At Prudhoe Bay's Pump Station One, where oil starts its journey south, engineers are trying to keep the barrels moving. Outside, the station's squat, olive-painted buildings sit amid an endless expanse of snow and ice. Inside, a maze of pumps and pipes collects oil flowing from wells across the North Slope. The lines are warm to the touch and even warmer to the wallet -- at current prices, about $30 million worth of crude flows through the station daily.

Alyeska heats oil at Pump Station One to 100 degrees Fahrenheit, with a goal of keeping it above 37 degrees by the time it reaches the export terminal at Valdez, Alaska.

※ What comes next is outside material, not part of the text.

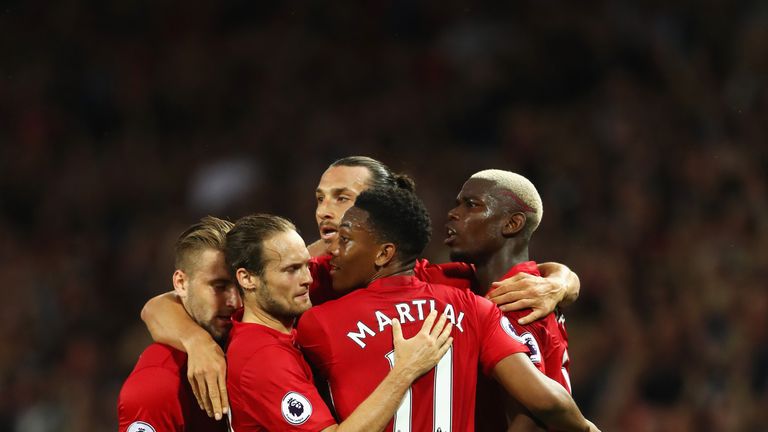 MANCHESTER, ENGLAND - AUGUST 19:  Zlatan Ibrahimovic of Manchester United celebrates scoring the opening goal with Paul Pogba (R) and team mates during the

A joint partnership led by the North Slope's top producers, BP, Exxon Mobil and ConocoPhillips, Alyeska has spent about $200 million upgrading equipment at Pump Station One alone. The partnership has added heating units up and down the route and raised buried sections of the line above ground. Another contingency plan calls for the injection of methanol, the chemical used in antifreeze, to keep supplies flowing.

Every four days, a device known as a pig, a sort of industrial Q-Tip, is sent hurtling through the 48-inch-wide pipeline to scrub out debris.

So far, that's kept the oil moving. But it comes at a price: higher transport costs for a product that's already at an economic disadvantage to other supplies around the globe. Alyeska's technical fixes should allow the pipeline to keep operating at volumes as low as 300,000 barrels a day, a threshold that could be reached by the middle of the next decade, according to state estimates. Below that point, it's unclear what will happen, according to Barrett, the Alyeska president, in an interview from his Anchorage offices.

"There's just a lot of uncertainty about how we would solve that problem in a way that's technically feasible and economically viable," he said.

Recent discoveries by Caelus Energy and Repsol SA have raised hopes of opening up new, multibillion-barrel fields. Conoco, Exxon and BP, meanwhile, are doing all they can to squeeze more oil out of existing wells. The Big Three have borrowed techniques from shale frackers in the Lower 48, injecting torrents of natural gas and seawater underground to force up more oil.

But those efforts merely halted production declines, they didn't reverse them. It may take years before the new finds ship significant quantities of oil -- and then only if they prove economic in a world where prices have been locked in at around $50 a barrel.

West Texas Intermediate crude has traded in a range near that level since late last year. The U.S. benchmark was down 0.3 percent at $52.93 a barrel as of 9:54 a.m. London time on Tuesday.

"It's all really a function of the oil price," said Scott Digert, BP's head of reservoir management in Alaska. "How long can you continue to operate an increasingly marginal field?"